● **Work instructions**
From the records below, output exactly the lines starting at the line with "A bedroom with" and ending at the line with "empty room with", both of them included, but no pictures.

(Listed records Opens)

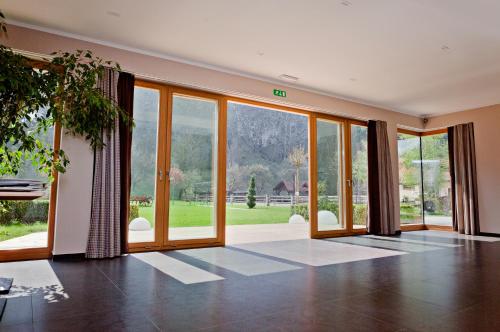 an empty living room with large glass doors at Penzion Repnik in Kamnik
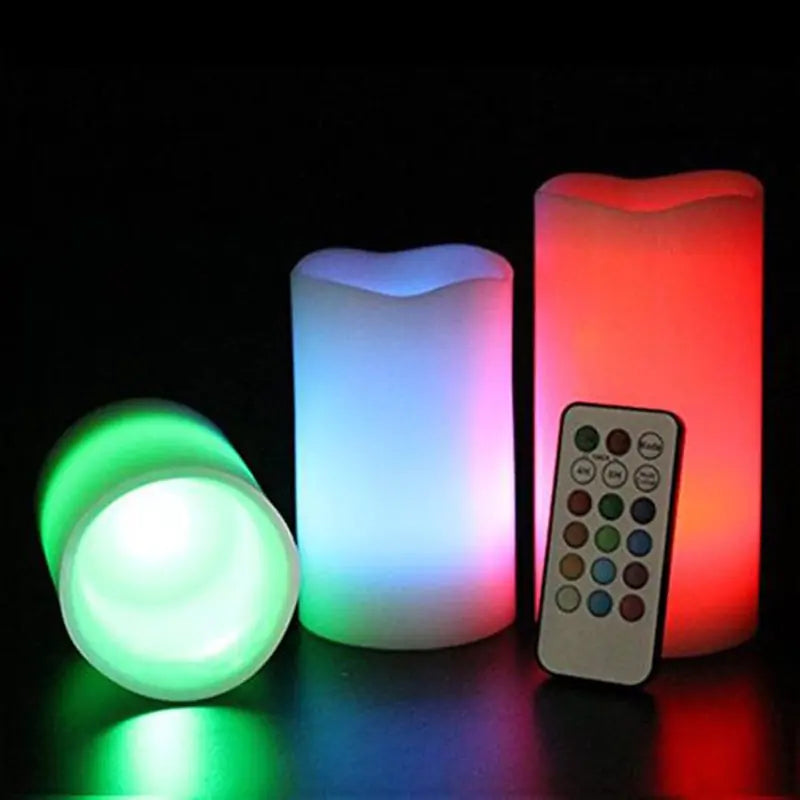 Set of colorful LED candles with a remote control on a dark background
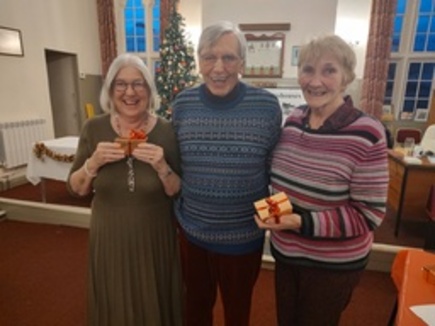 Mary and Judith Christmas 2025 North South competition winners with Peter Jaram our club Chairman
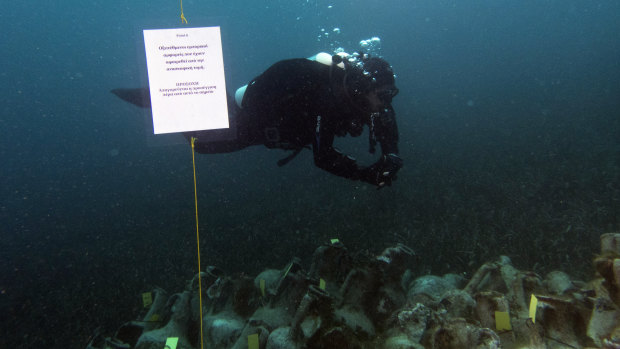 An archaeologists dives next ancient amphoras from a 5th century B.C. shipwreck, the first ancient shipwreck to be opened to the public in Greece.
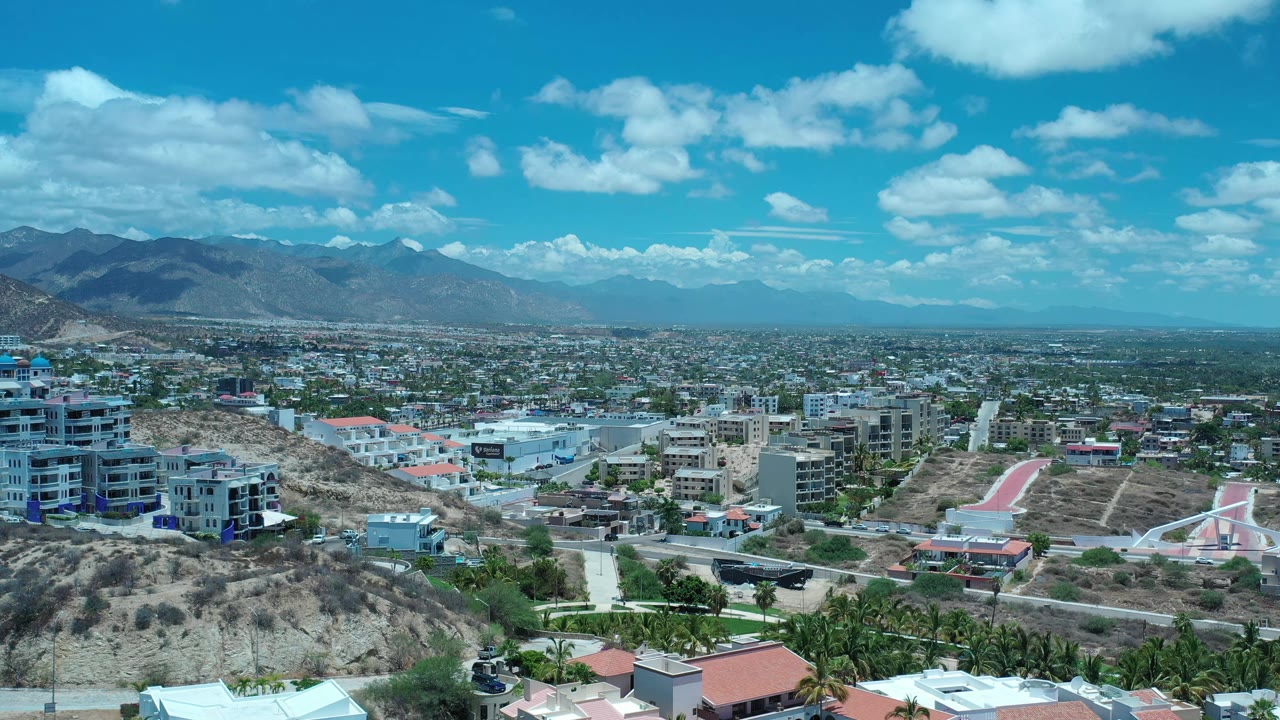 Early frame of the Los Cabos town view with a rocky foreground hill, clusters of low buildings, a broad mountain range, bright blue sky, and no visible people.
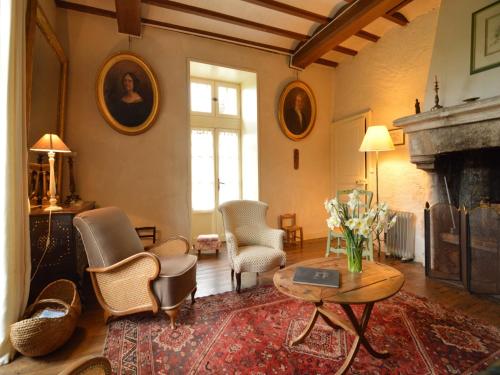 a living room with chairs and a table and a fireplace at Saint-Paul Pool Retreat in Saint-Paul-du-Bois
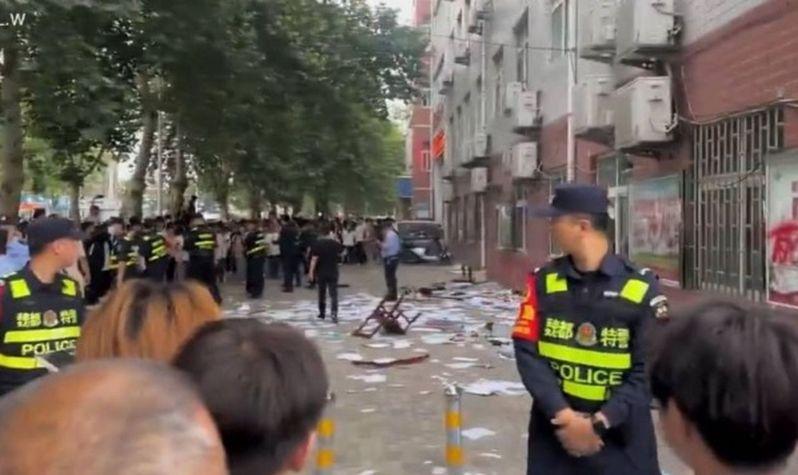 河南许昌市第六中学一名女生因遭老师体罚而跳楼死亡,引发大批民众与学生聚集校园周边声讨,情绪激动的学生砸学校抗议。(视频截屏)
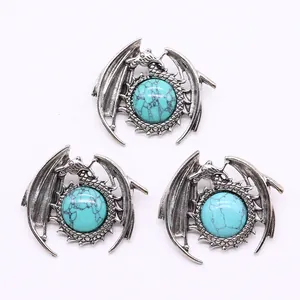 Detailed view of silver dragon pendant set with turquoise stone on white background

(Listed records Closes)
(Listed records Opens)

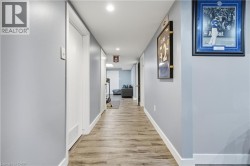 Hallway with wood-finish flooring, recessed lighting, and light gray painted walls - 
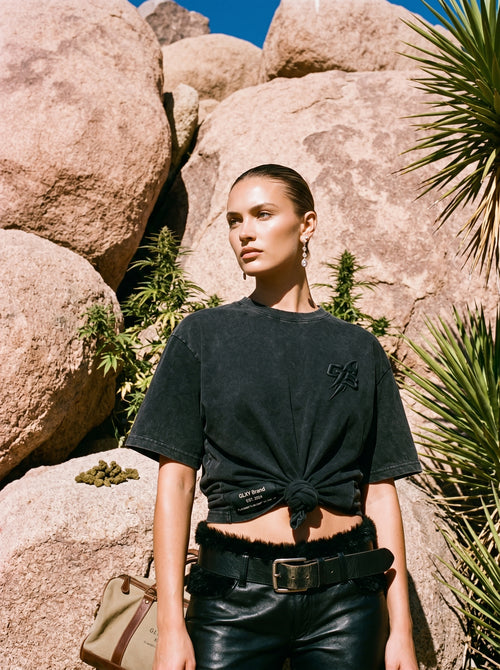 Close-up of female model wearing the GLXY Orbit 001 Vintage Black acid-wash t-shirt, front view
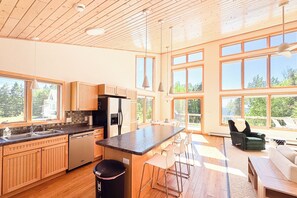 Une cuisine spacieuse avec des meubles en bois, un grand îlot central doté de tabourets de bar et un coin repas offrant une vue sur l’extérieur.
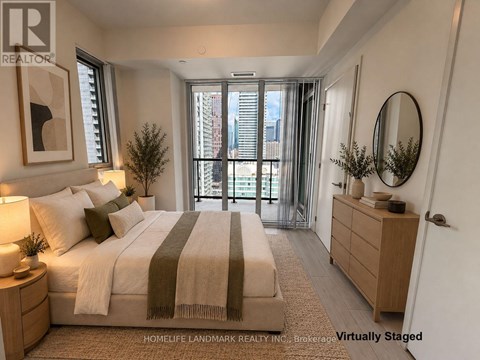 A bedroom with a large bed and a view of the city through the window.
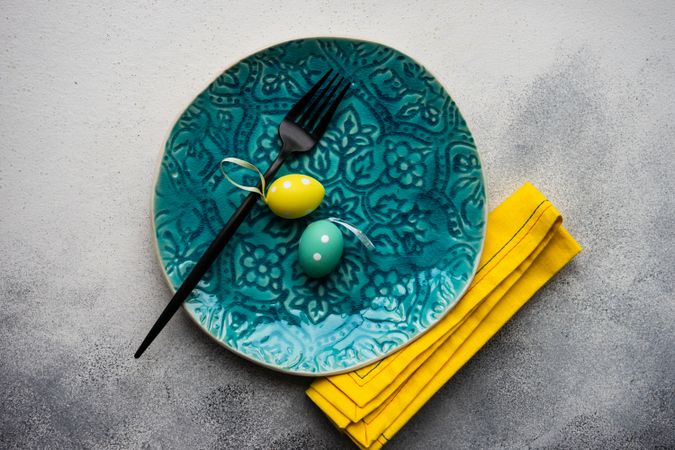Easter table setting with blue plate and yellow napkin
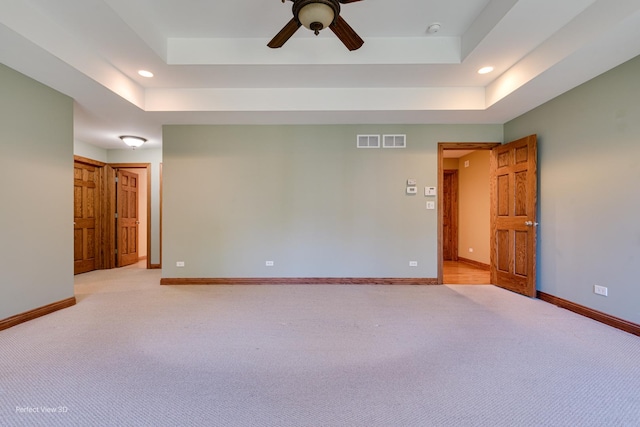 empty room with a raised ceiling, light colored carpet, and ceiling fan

(Listed records Closes)

● **Finished task**
 A bedroom with a large bed and a view of the city through the window.
Easter table setting with blue plate and yellow napkin
 empty room with a raised ceiling, light colored carpet, and ceiling fan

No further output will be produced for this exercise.